_WHAT YOU WILL DO_
Exclude all pictures, then copy each of the records exactly as written.

_GIVEN DATA_
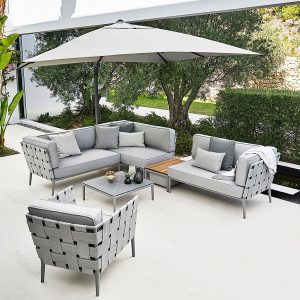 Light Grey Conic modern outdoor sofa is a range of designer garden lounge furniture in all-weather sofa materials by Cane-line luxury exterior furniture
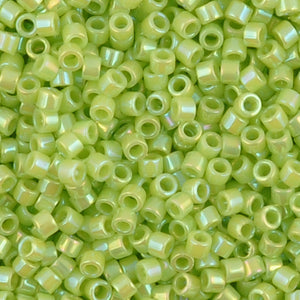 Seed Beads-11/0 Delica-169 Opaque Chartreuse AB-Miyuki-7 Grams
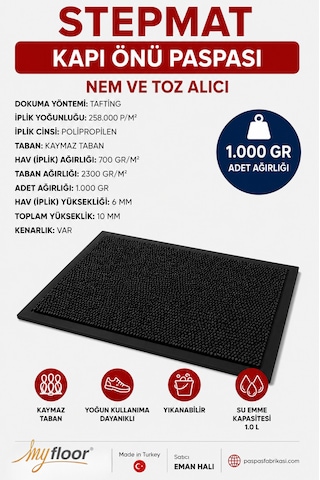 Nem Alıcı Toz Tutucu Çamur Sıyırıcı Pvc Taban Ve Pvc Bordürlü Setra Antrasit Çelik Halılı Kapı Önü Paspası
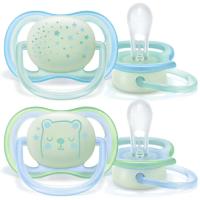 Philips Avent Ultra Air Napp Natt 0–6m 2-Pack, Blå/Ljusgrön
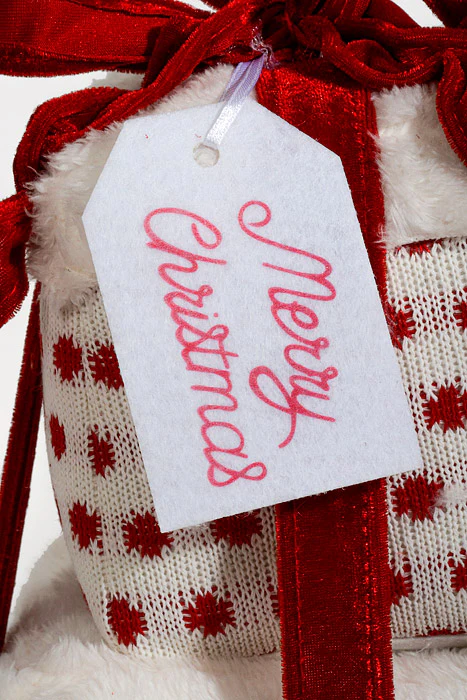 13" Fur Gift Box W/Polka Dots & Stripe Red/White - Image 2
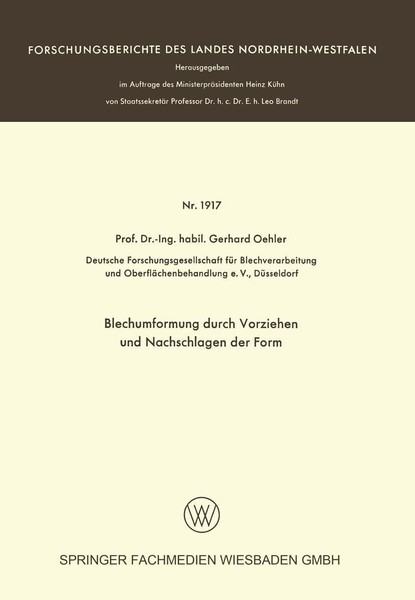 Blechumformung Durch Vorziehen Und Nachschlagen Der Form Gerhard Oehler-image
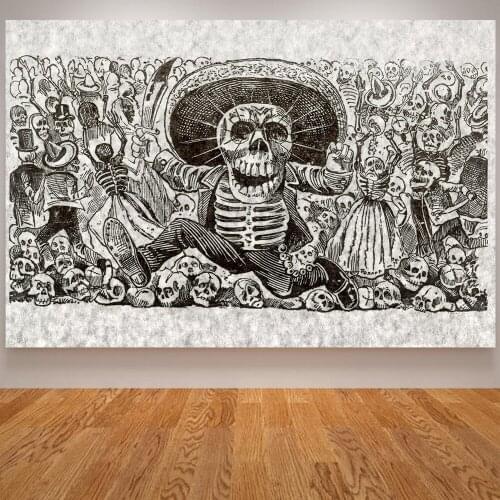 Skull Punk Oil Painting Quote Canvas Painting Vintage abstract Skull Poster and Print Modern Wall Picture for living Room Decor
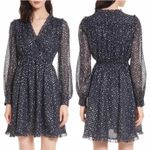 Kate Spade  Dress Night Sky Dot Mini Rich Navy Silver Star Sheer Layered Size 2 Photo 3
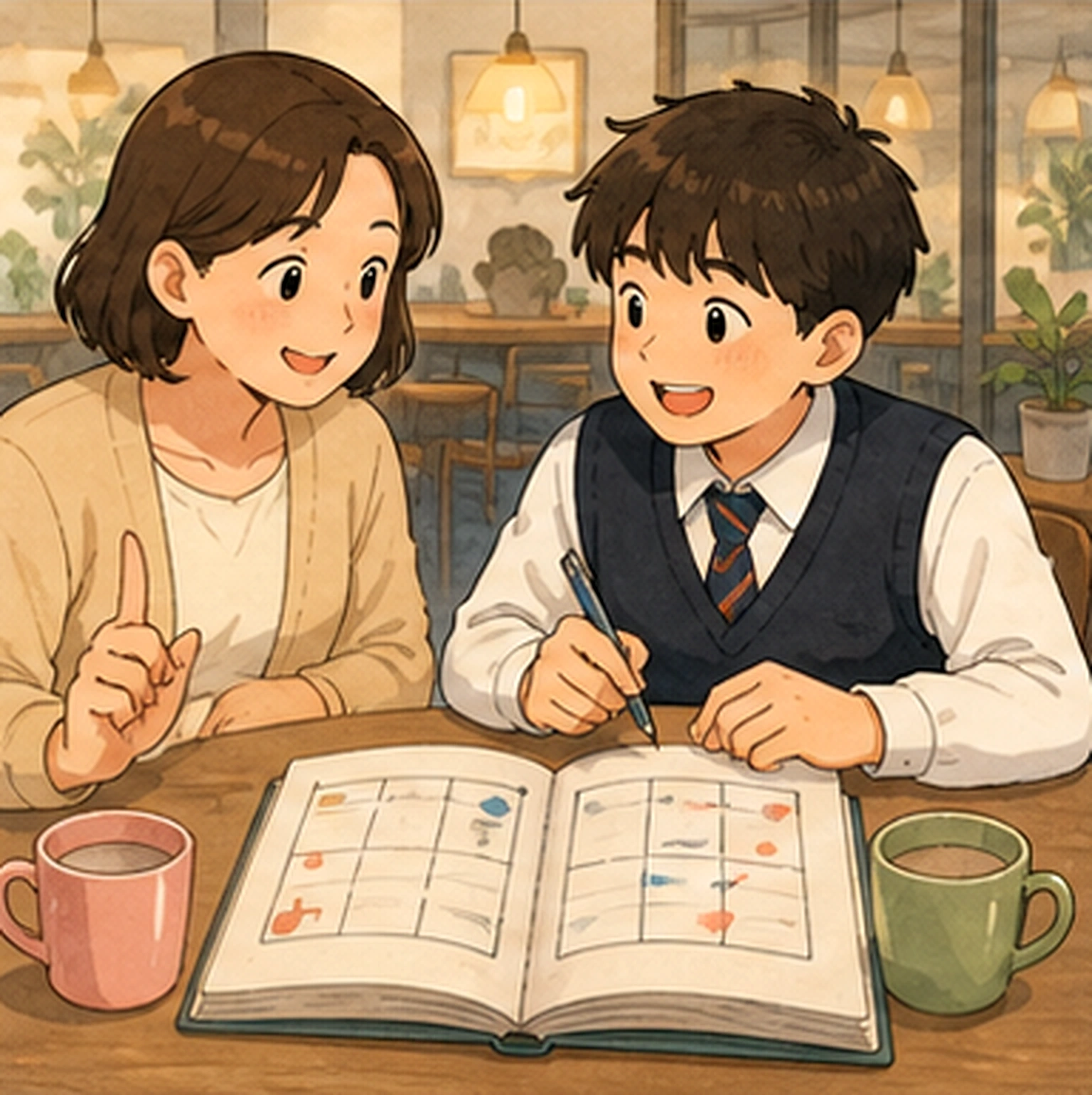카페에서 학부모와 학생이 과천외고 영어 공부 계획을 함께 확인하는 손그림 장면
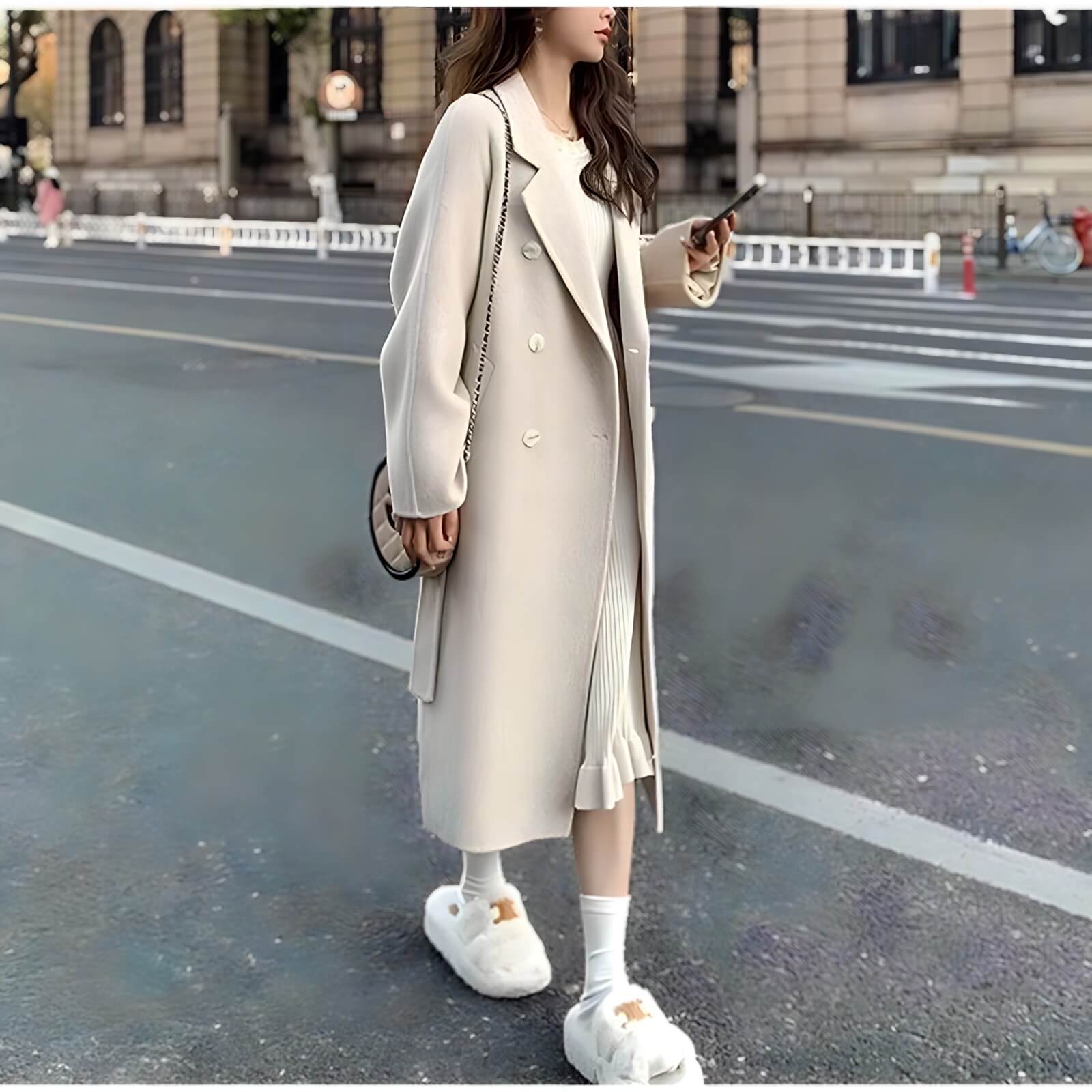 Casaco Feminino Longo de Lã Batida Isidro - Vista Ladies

_PROBLEM SOLUTION_
 Light Grey Conic modern outdoor sofa is a range of designer garden lounge furniture in all-weather sofa materials by Cane-line luxury exterior furniture
 Seed Beads-11/0 Delica-169 Opaque Chartreuse AB-Miyuki-7 Grams
 Nem Alıcı Toz Tutucu Çamur Sıyırıcı Pvc Taban Ve Pvc Bordürlü Setra Antrasit Çelik Halılı Kapı Önü Paspası
 Philips Avent Ultra Air Napp Natt 0–6m 2-Pack, Blå/Ljusgrön
 13" Fur Gift Box W/Polka Dots & Stripe Red/White - Image 2
 Blechumformung Durch Vorziehen Und Nachschlagen Der Form Gerhard Oehler-image
 Skull Punk Oil Painting Quote Canvas Painting Vintage abstract Skull Poster and Print Modern Wall Picture for living Room Decor
 Kate Spade  Dress Night Sky Dot Mini Rich Navy Silver Star Sheer Layered Size 2 Photo 3
카페에서 학부모와 학생이 과천외고 영어 공부 계획을 함께 확인하는 손그림 장면
 Casaco Feminino Longo de Lã Batida Isidro - Vista Ladies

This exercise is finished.